PLN - cisza po burzy | Qnews - Edukacyjny Portal Dla Inwestorów

newsletter

quercus

PLN - cisza po burzy

Bądź na bieżąco! Zapisz się na NEWSLETTER

O ile w trakcie marcowej paniki na rynkach doszło do wyraźnego osłabienia polskiej waluty, to od mniej więcej miesiąca kurs PLN stabilizuje się, zarówno względem euro (wykres poniżej), jak i innych głównych walut. W przypadku EUR/PLN mamy do czynienia z wyraźnym technicznym poziomem wsparcia (ok. 4,51). Jego przełamanie mogłoby zwiastować falę osłabienia EUR (umocnienia PLN). Ale jest też alternatywny scenariusz, w którym stabilizacja notowań mogłaby stanowić jedynie przystanek przed dalszą aprecjacją walut obcych względem PLN.

Spójrzmy na szerszy, historyczny kontekst owej sytuacji.

Oto kilka wniosków:

  • Rodzima waluta zwykle osłabiała się w okresach globalnych kryzysów - ostatnie wydarzenia nie są pod tym względem wyjątkiem. Zgodnie z tradycją PLN jest postrzegany jako bardziej ryzykowny niż waluty krajów z "pierwszej ligi" gospodarczej.
  • W przeszłości podkreślaliśmy, że ta cecha PLN przemawia za tym, by część portfela inwestycyjnego utrzymywać w aktywach denominowanych w walutach bazowych (EUR, USD, CHF itp.), bo ich umocnienie pozwala częściowo buforować straty z ryzykownych aktywów.
  • W trakcie marcowej paniki kurs euro doszedł w okolicę wieloletnich maksimów = rodzima waluta stała się relatywnie tania z historycznego punktu widzenia (niedowartościowana?).
  • Ewentualnym czynnikiem ryzyka dla PLN może być niestandardowa polityka NBP, który po raz pierwszy w historii posunął się do skupu obligacji skarbowych na wzór głównych banków centralnych (jednakże PLN nie ma statusu głównej waluty).
  • Co prawda ostatnia fala osłabienia była nieporównywalnie mniejsza niż załamanie PLN po upadku Lehman Brothers, ale wtedy punkt startowy był bardzo nisko położony (euro w punkcie startowym było niezwykle tanie). Obie fale doszły do zbliżonych pułapów.
  • Osłabienie PLN historycznie było automatycznym stabilizatorem koniunktury gospodarczej w Polsce - tańsza złotówka pomaga uatrakcyjnić polski eksport w warunkach osłabienia popytu zagranicznego.

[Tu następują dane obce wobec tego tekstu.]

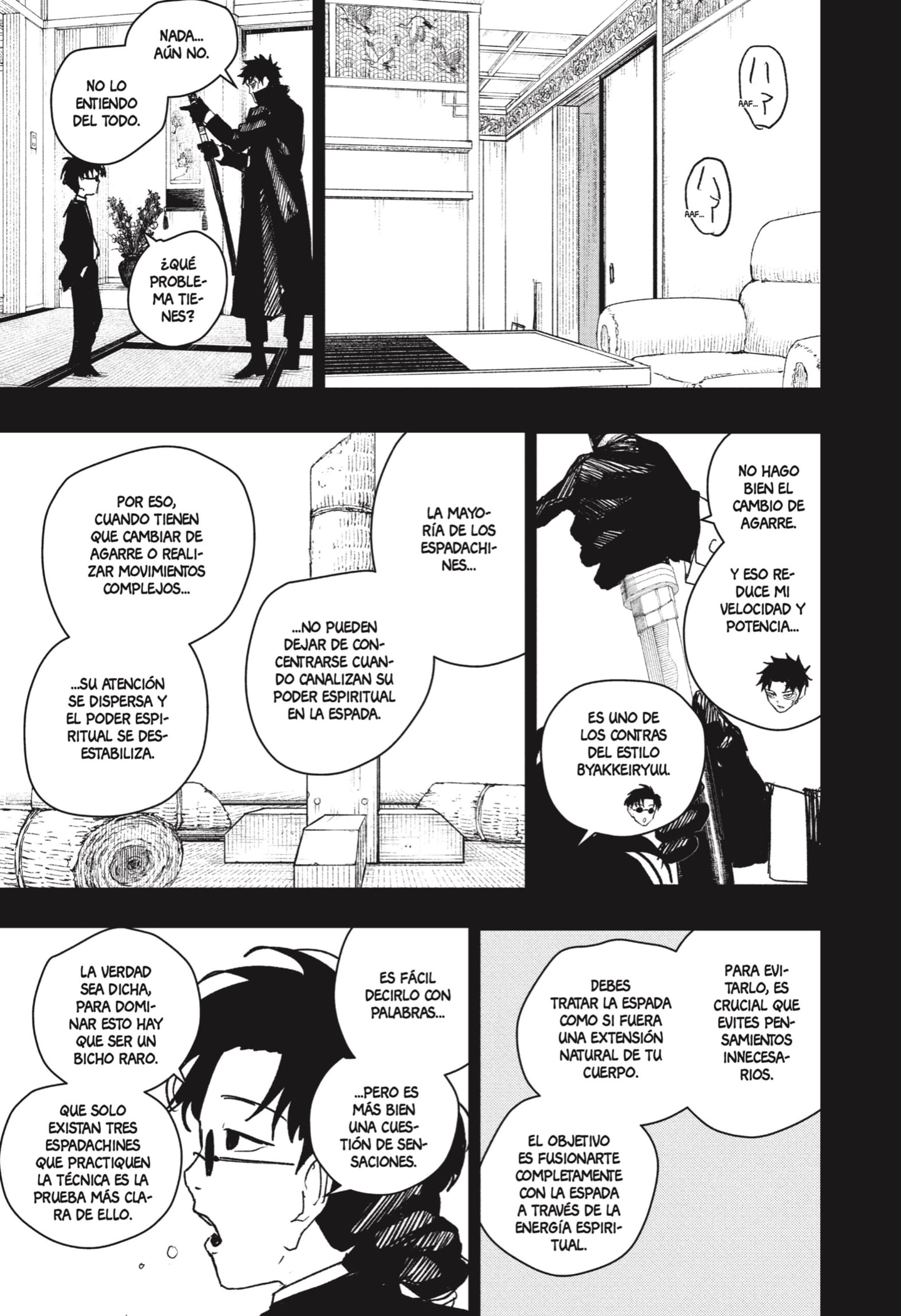 Read Kagurabachi es Manga Online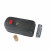 Elettroserratura ad applicare foro cilindro 50-80mm Cisa Elettrika 1.1A731 nero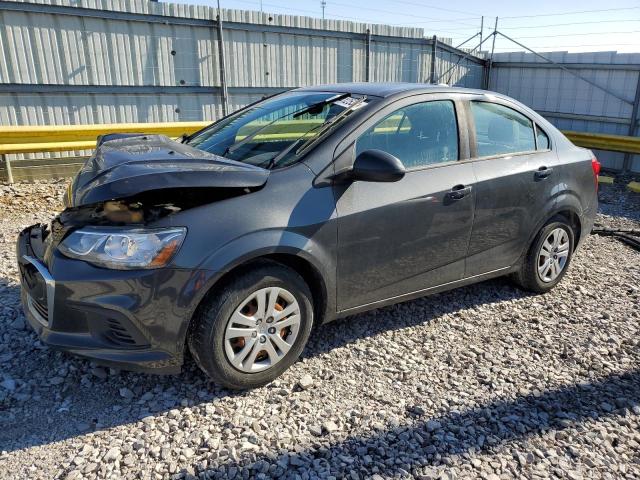 CHEVROLET SONIC LS 2017 with VIN 1G1JB5SH9H4102389 - Photo from auction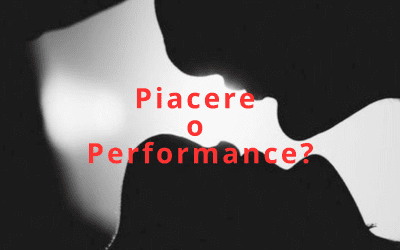 Porno educazione: quando il piacere diventa performance.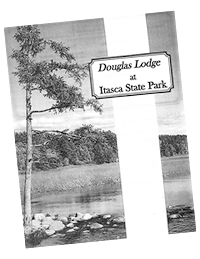 Douglas Lodge Menu Cover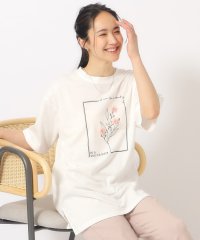 SHOO・LA・RUE Cutie Blonde/お花モチーフBIGTシャツ/506197090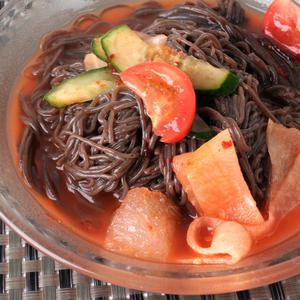 옥천 칡 냉면20인분+비빔장500gx2봉+겨자소스10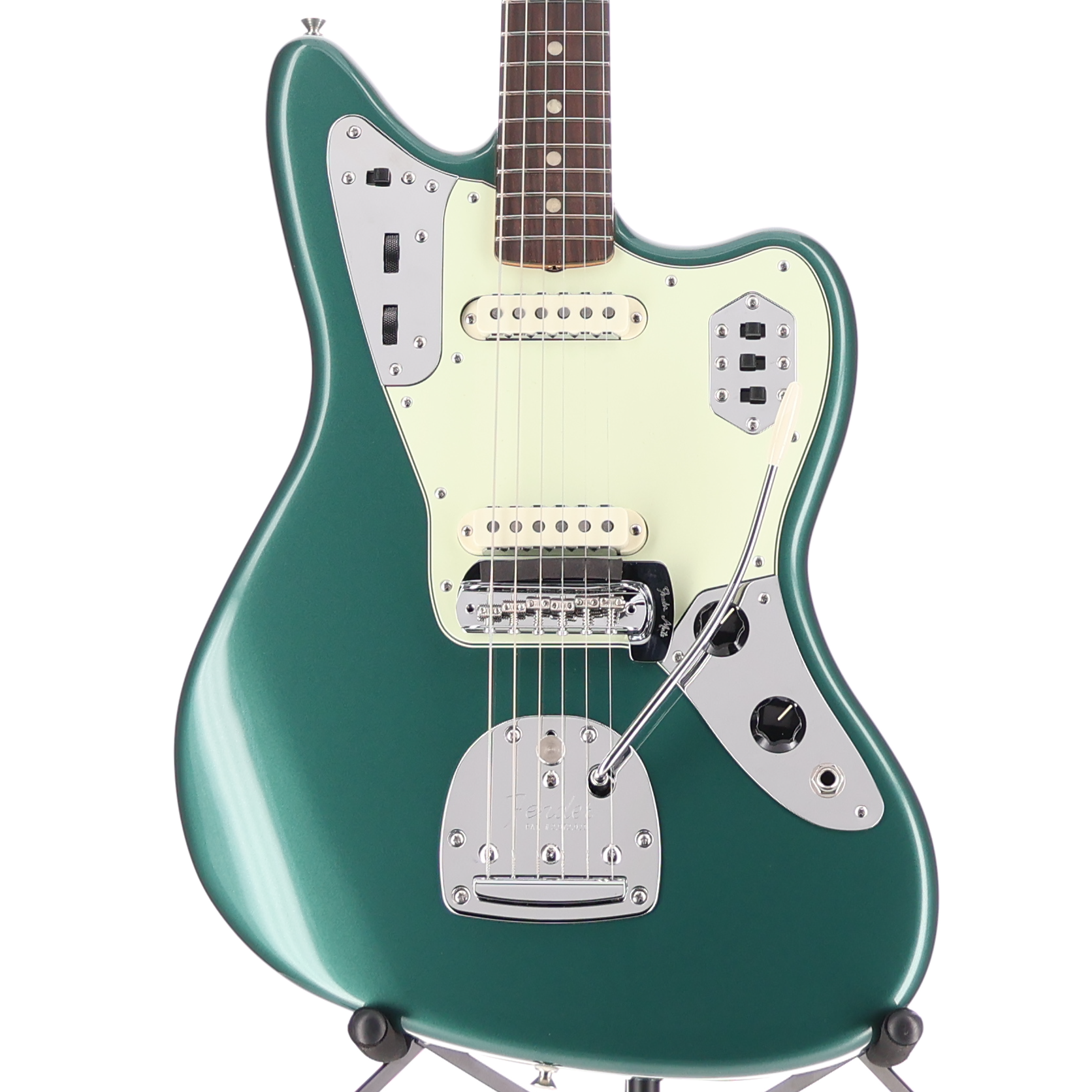 Fender Vintera III Mid '60s Jaguar, Rosewood Fingerboard, Sherwood Green Metallic (F3) (50302)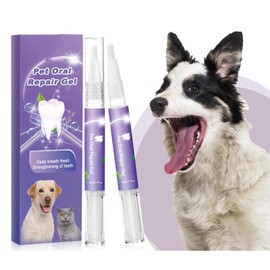 2PCS Pet Oral Repair Gel
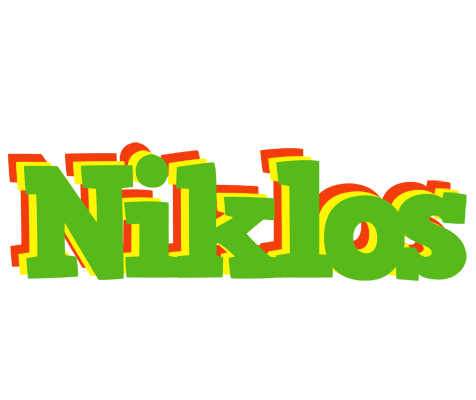 Niklos crocodile logo
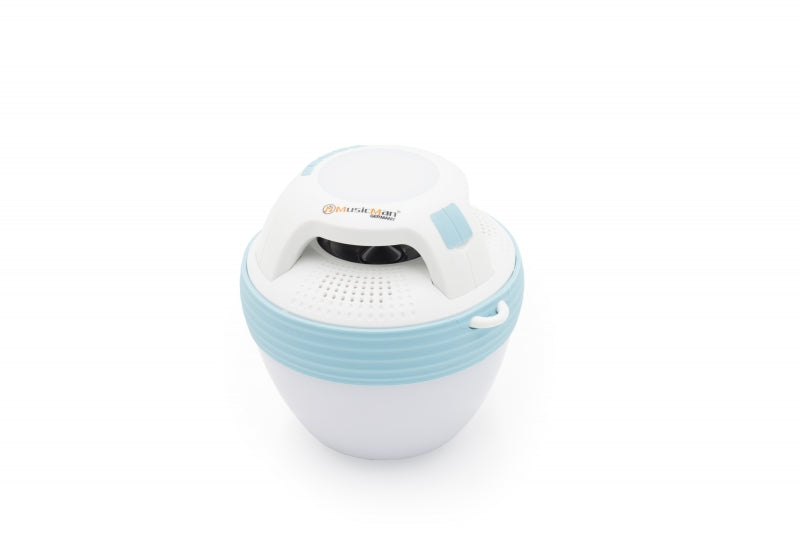 Technaxx BT-X60 Pool-Speaker met RGB-licht - Wit/Blauw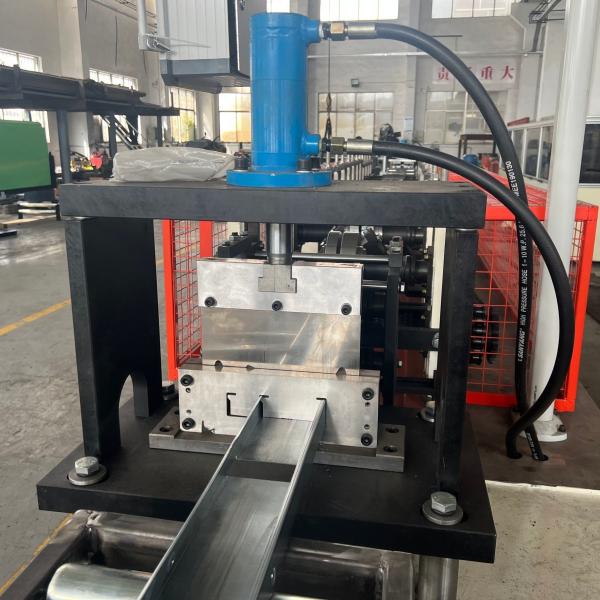 150mm Metalcon Structure C U Stud Track Roll Forming Machine 12m / Min With
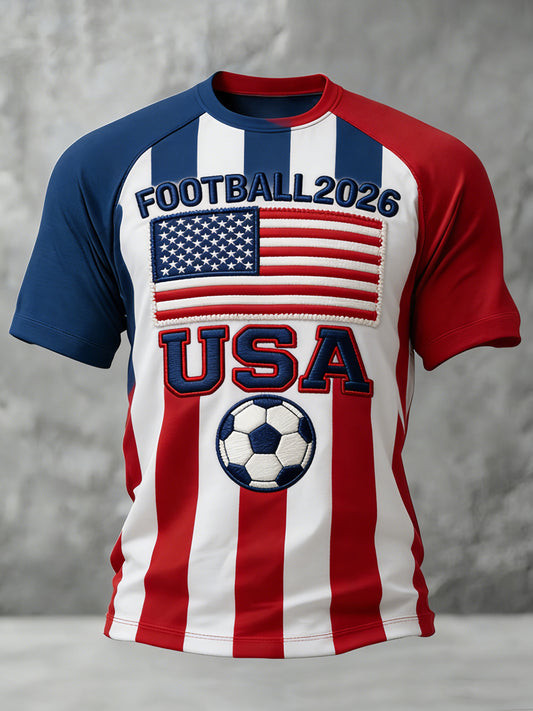 FIFA World Cup 2026 USA Football Shirt USA Soccer Apparel Best For FIFA Fan.jpeg
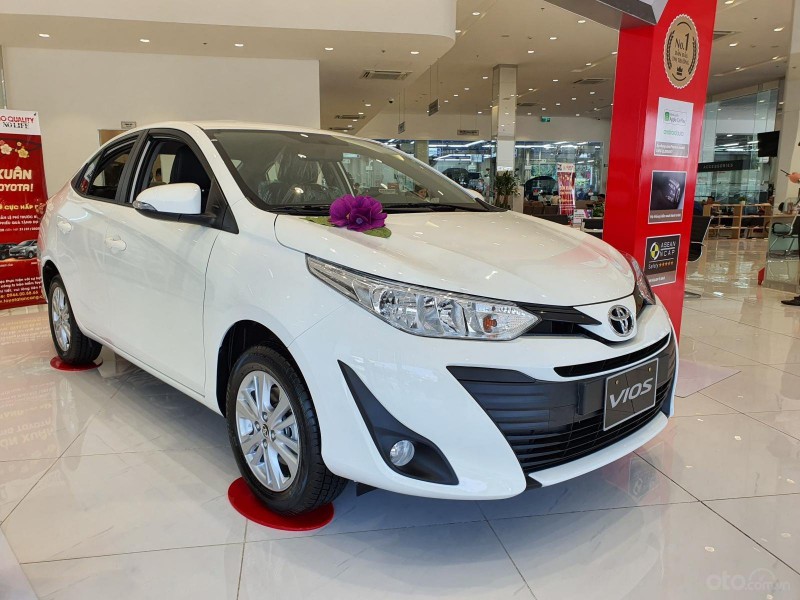 Phân khúc xe hạng B tháng 8/2020: Toyota Vios làm chủ cuộc chơi 1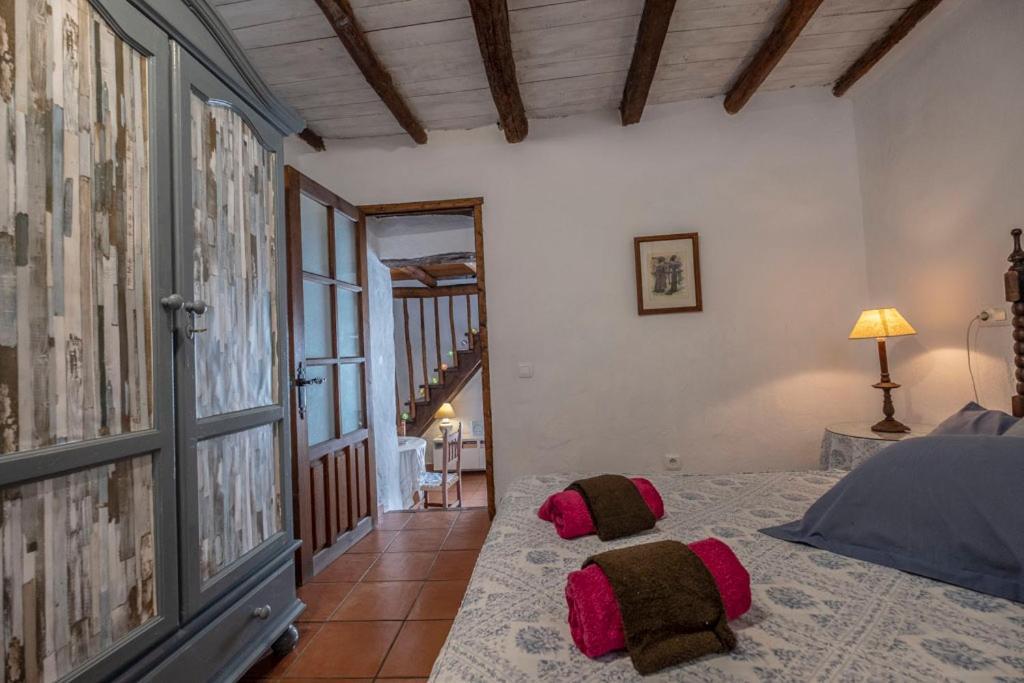 Casa Solana Villa Benadalid Eksteriør bilde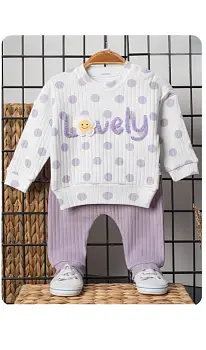 Костюм для девочки (3-12 мес)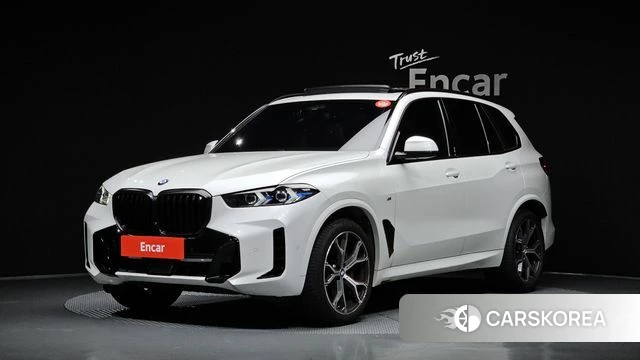 BMW X5 (G05) 2023 Белый из Кореи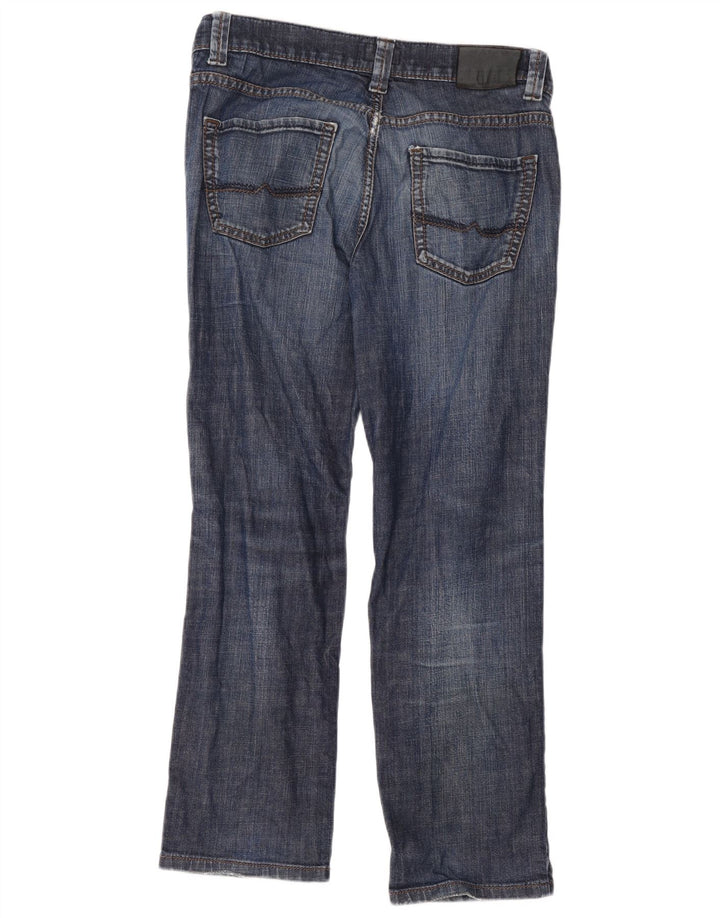 Jeans dritti da uomo Pioneer W36 L30 cotone blu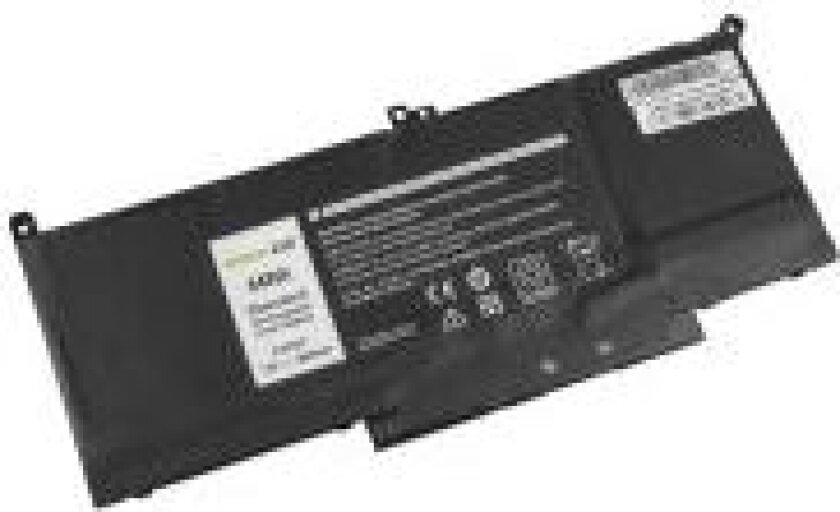 Green Cell - Batteri til bærbar PC (tilsvarer: Dell F3YGT) - litiumpolymer - 5800 mAh - 44 Wh - svart - for Dell Latitude 7280, 7290, 7380, 7390, 7480, 7490
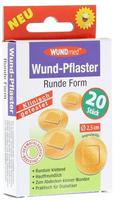 WUNDmed 02-051-20, WUNDmed Pflaster Rund beige 20 St&uuml;ck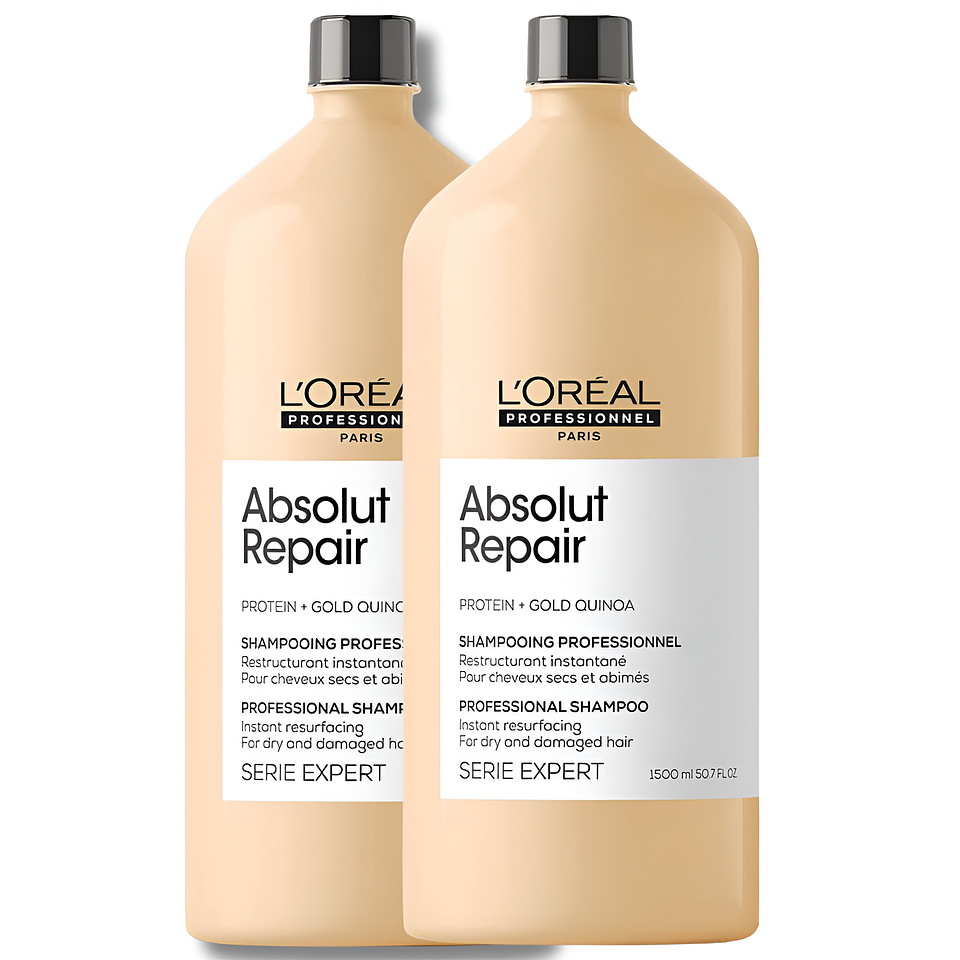 Shampoo Absolut Gold Quinoa 1500ml  2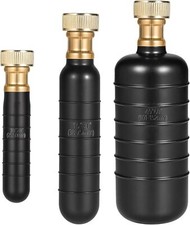 3 Pack Drain Bladder Fits 1" to 6" Drain Pipe, Drain Cleaning Bladders, Drain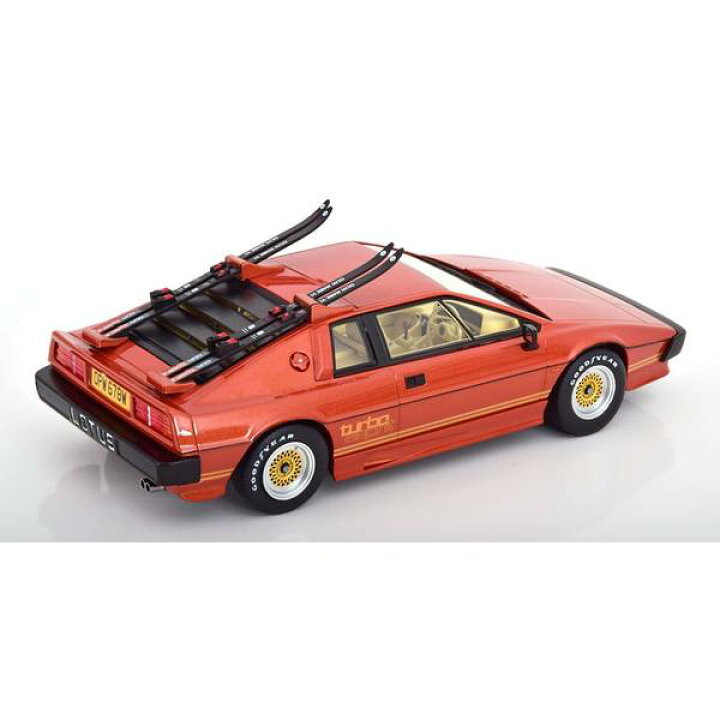 楽天市場】KKスケール 1/18 ロータス エスプリ ターボ 1981 スキー板  
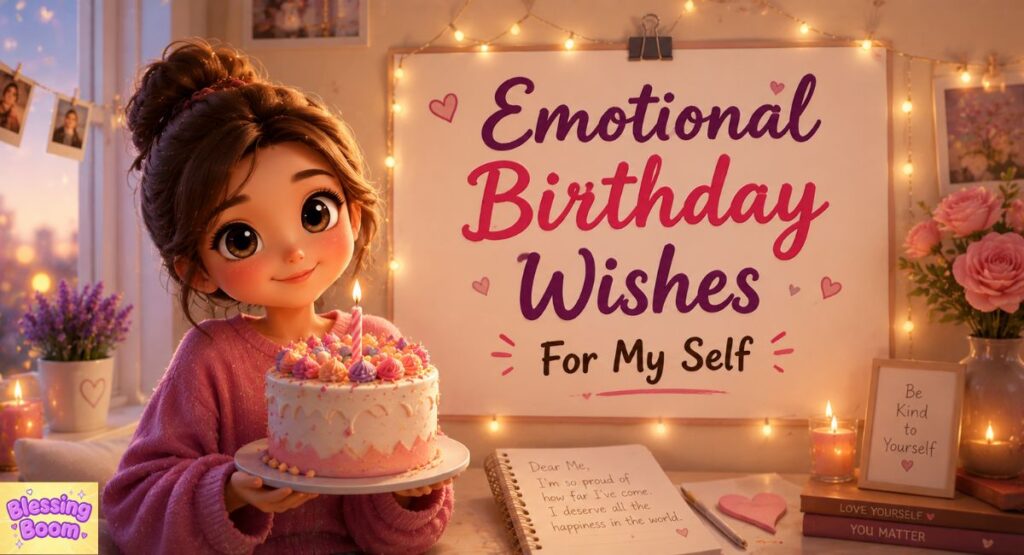 emotional birthday wishes for myself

Reasumując, polska waluta od miesiąca stabilizuje się po marcowej panicznej wyprzedaży. Owa wyprzedaż na wzór historycznych wzorców ma swoje plusy (uatrakcyjnienie eksportu). PLN jest blisko górnej granicy wieloletniego pasma wahań, więc w średnim terminie potencjał do umocnienia wydaje się większy niż do dalszego osłabienia. Czynniki ryzyka to niepewna sytuacja na rynkach globalnych oraz eksperymentalna polityka monetarna.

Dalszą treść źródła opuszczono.